Recognizing that Project HOME serves predominantly Black people, but our leadership has been overwhelmingly white, we are taking a hard look at ourselves and committing to becoming antiracist.
Begun over a year and a half ago, Project HOME has developed a Diversity, Equity, and Inclusion (DEI) initiative, devoting leadership teams, monetary resources, and concrete goals in our strategic plan to help us transform our internal culture to match our external mission.
We will fuel necessary internal changes.
We are financially committing, over the next three years, to fund and address diversity, equity, and inclusion (DEI) at Project HOME, beginning with race equity. This month, we will receive our 3-year plan from Frontline Solutions, a company that works on the front lines of change to help nonprofits like ours define DEI goals. It will highlight specific steps in our leadership, operations, and culture which will make Project HOME a more inclusive organization. Despite the havoc COVID-19 has wreaked on our budget, we will fund this work.
DEI goals are a major focus of our 3-year strategic plan. We are committed to doing this work and acknowledging and learning from our mistakes.
We will create new spaces to support staff and residents.
Staff-led racial identity groups started meeting last week and will continue going forward. We encourage all staff to come, share and learn, and propose their own groups or topics as part of our Mission Nurture and race equity efforts.
We will be intentional about lifting up Black voices and leadership as mentors in our work: We will call on internal and external experts to support conversations on becoming antiracist, both as individuals and organizationally.
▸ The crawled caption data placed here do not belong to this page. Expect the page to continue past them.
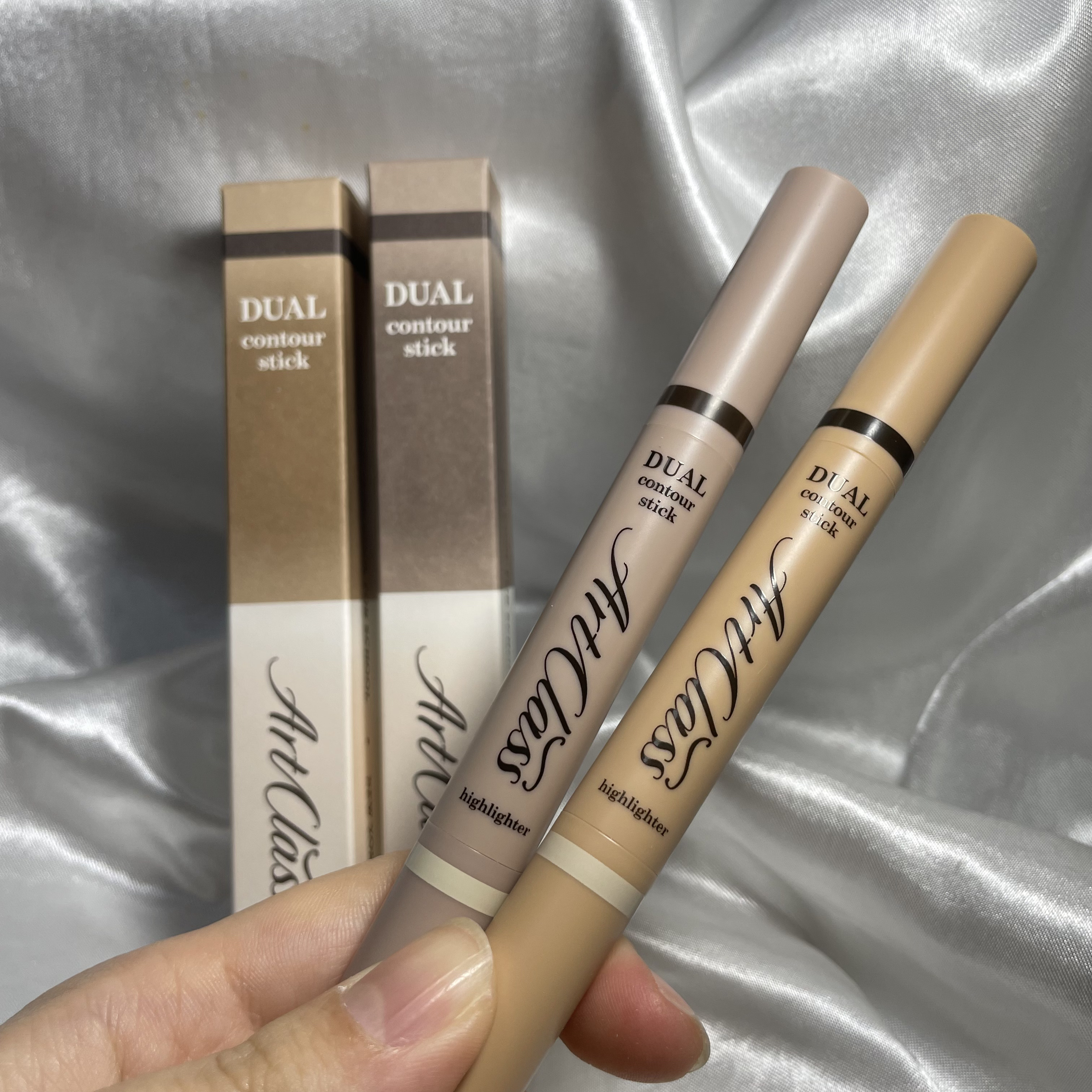 アートクラス デュアル コントゥアスティック/too cool for school/シェーディングを使ったクチコミ（2枚目）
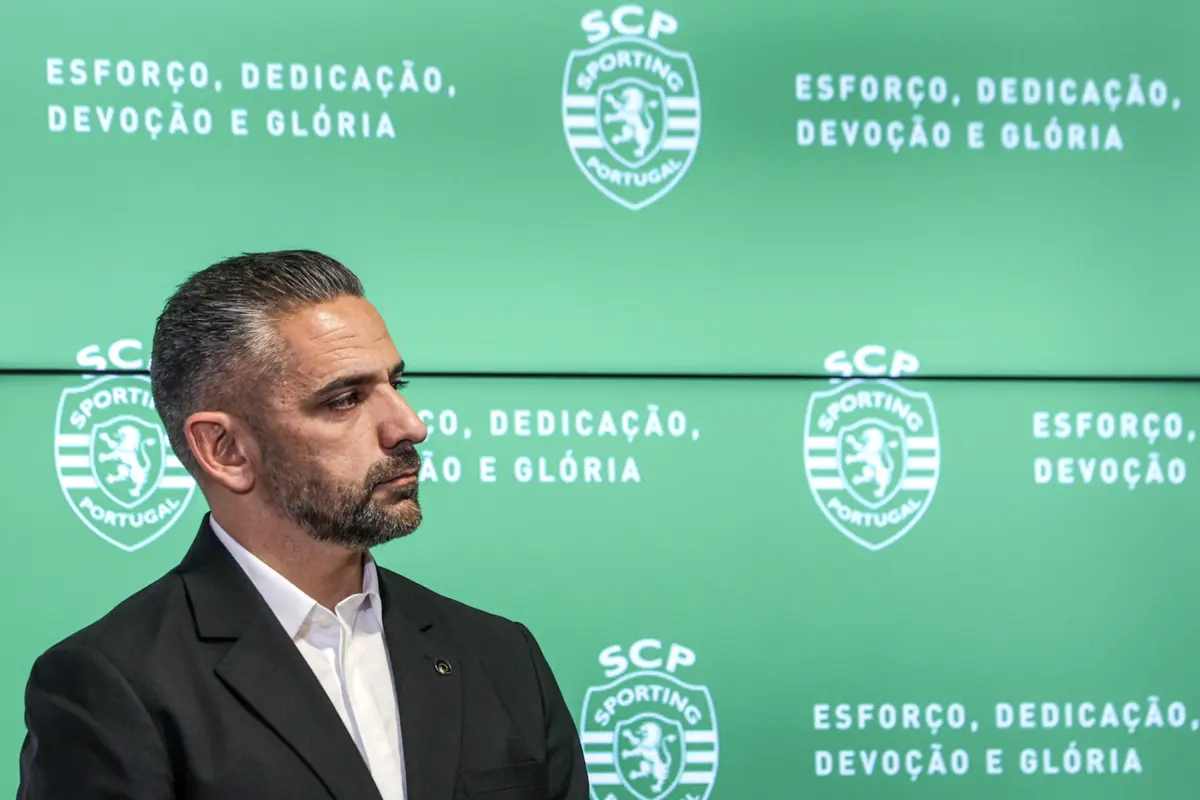 Imagem de contexto do artigo Sporting confirma Rui Borges como novo treinador. Leões pagam 4,1 milhões de euros ao Vitória SC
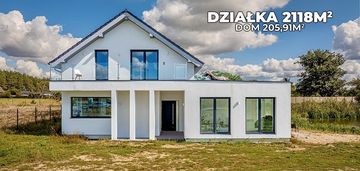 Nowoczesna willa z prywatną plażą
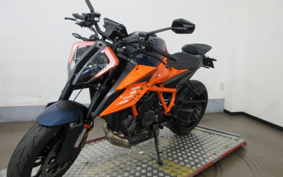 KTM 1290 SUPER DUKE R 2022 V3940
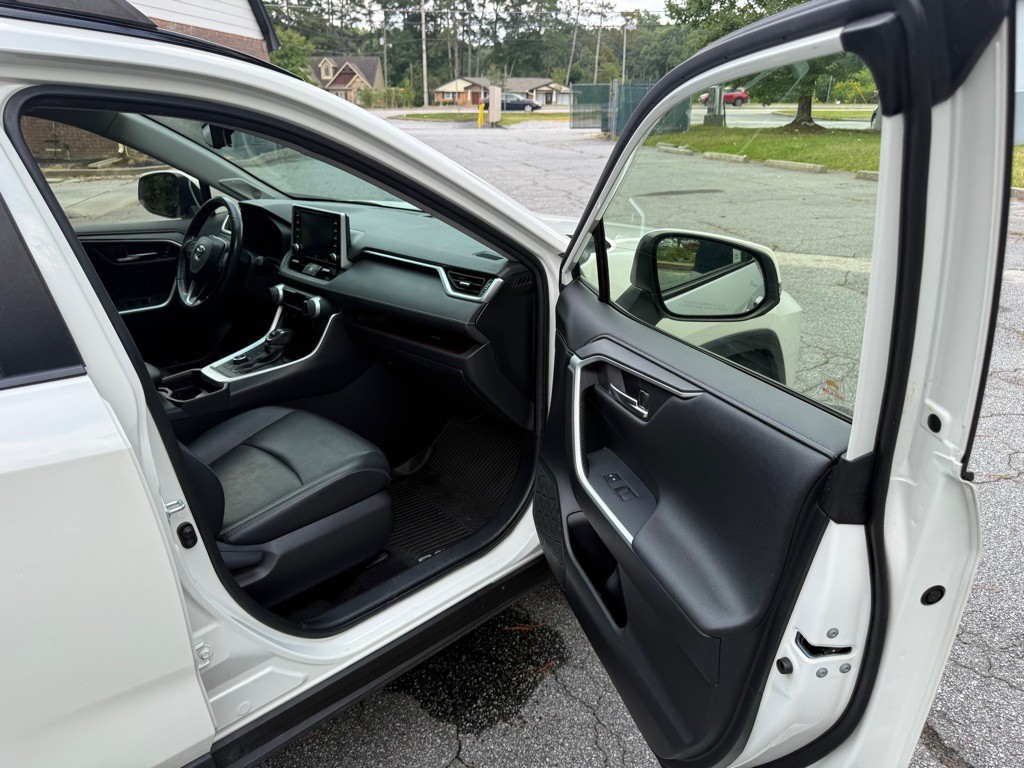 2019 Toyota Rav4 Image 18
Internally, we will continue to follow the leadership of our staff-elected DEI committee. We realize this labor should not rest on our Black community members and will move forward accordingly.
We will continue existing spaces of support. We invite residents and staff to join (virtual) Inspirational Meetings every Tuesday, online staff retreats every Monday and Friday, and other spaces for conversation and healing.
We will expand resources for allies and people of color.
We’ve created a space with resources, tools, and action steps. You can access those resources here. Social media, voter engagement, and public statements (including this one) will highlight how public officials and the community at large can help fight racism and police brutality.
We will raise our organizational voice.
Email signatures will amplify our commitment to antiracism. Through online advocacy actions and improved tools for people to reach elected officials, we will call for legislative solutions to institutional racism.
We will continue to carefully navigate our relationship with the police.
We commit to the safety of the Black community. Services like the Hub of Hope, street outreach, health services, and property management operate in some relationship with the police. These relationships will be reviewed and handled with awareness, Black humanity, and community impact at the forefront.
When most of the groundwork for the above was in place, George Floyd, Breonna Taylor, and Ahmaud Arbery were still alive. We will not forget them. Our anger will reshape us individually and make Project HOME a different organization, better equipped to do our work.
We meet these days in grief, but also with a renewed sense of action, strength, resistance and resilience. How we live into this time - how well we do the necessary work internally and externally - is what, ultimately, will bring us home. Together.
In grief, solidarity, love, and care,
Sister Mary Scullion, Joan Dawson McConnon, and the DEI Steering Committee (Barb Hadley, Dee Dee Risher, Claude Robinson, Ebony Durant, Emmanuel Sofolawe, Jamaine Smith, Karin Williamson, Kristopher Robinson)
Note: We are using “Black people” in place of “people of color.” Racial injustice, violence, and police brutality impact all people of color. We acknowledge Black people and communities are disproportionately impacted by police violence and Black people are killed by police more than twice as often as white people.